We should not construe these subsections as authority for bringing class actions for refunds years after the taxes have been set, and collected, and used in the determination of state school aid. The statute authorizes a class action, and attorneys’ fees if the action is successful, as part of the scheme for making sure that local governments set correct levy rates. The filing of a class action reheves individual taxpayers from having to file timely protests before the December 31 due date. The class action authorized by statute should not be read as an invitation for litigants to challenge tax rate decisions for a period of years after a tax rate has been in place to obtain class wide refund relief and attorney fees.
Conclusion
The principal opinion provides an important clarification on the setting of school tax rates. Our decision leaves open whether any remedy, on remand, would include refunds for prior years where no timely challenge has been filed. It is doubtful that such relief is available. That said, I concur in the decision.
. These cases challenge the rates for 1995, 1996, 1997, and 1998. The lawsuits were initially filed in 1998, challenging the tax rates for the years 1995, 1996, and 1997. The lawsuits were amended in 1999, challenging the tax rate for 1998.

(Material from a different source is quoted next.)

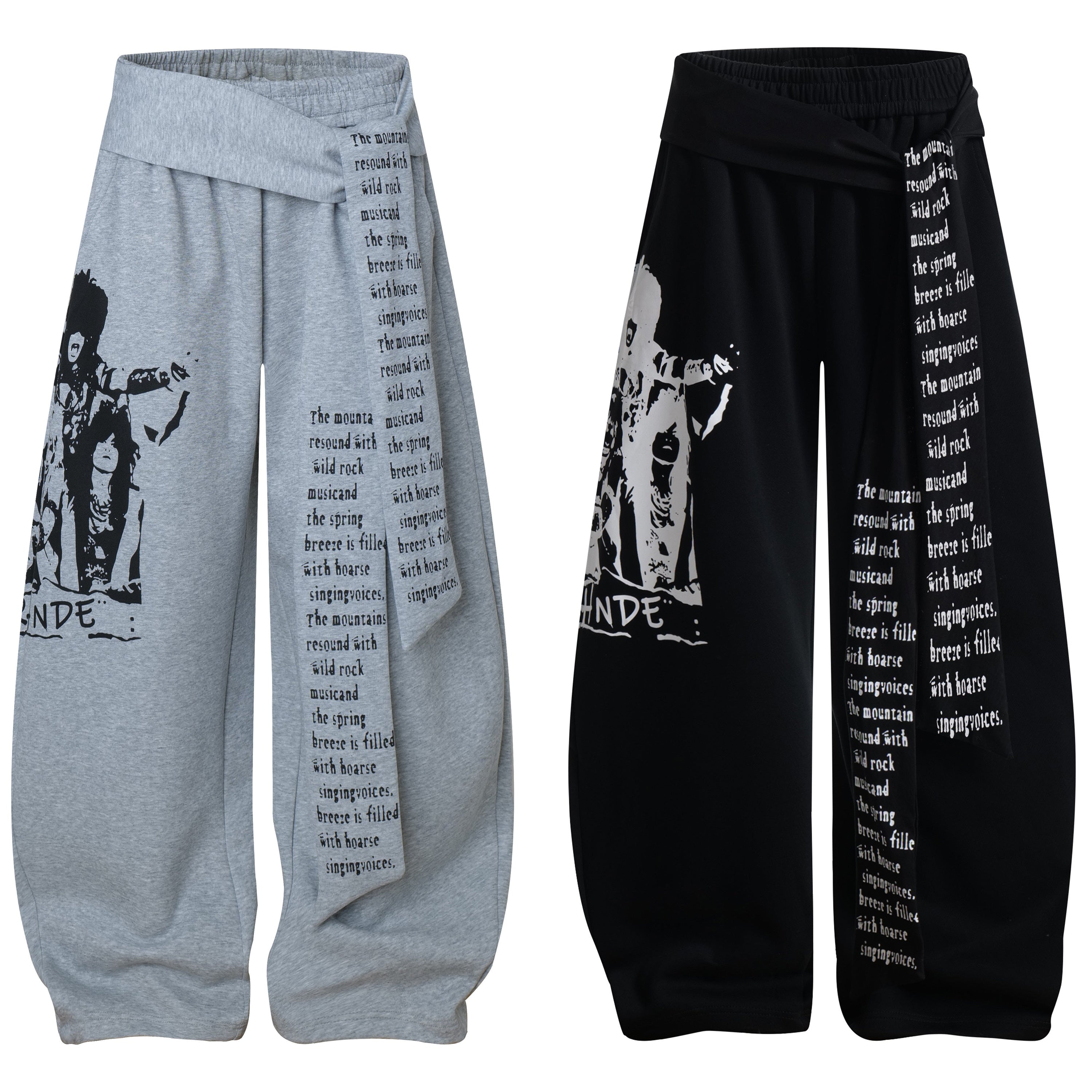 Heather grey wide-leg wrap pants with rock band graphic print and asymmetric text drape panel, front view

. In these cases, the school districts set their rates in July or August in the years at issue.
. In these cases, the appellants assert that Morgan County school district collected excess taxes totaling approximately $3,093,388 from 1994 to 1998 (or about 22% of the total taxes collected for the district) while the Lebanon school district collected an excess of about $4,212,276 during the same period (roughly 21% of the total taxes collected for the district).
. The section deals with state audits of lunch aid for students. If discrepancies cannot be resolved, “the department of elementary and secondary education shall require that the amount ... be repaid by the district in the next school year and shall additionally impose a penalty ... which penalty shall also be paid within the next school year.” Section 163.031.9, RSMo Supp.1999.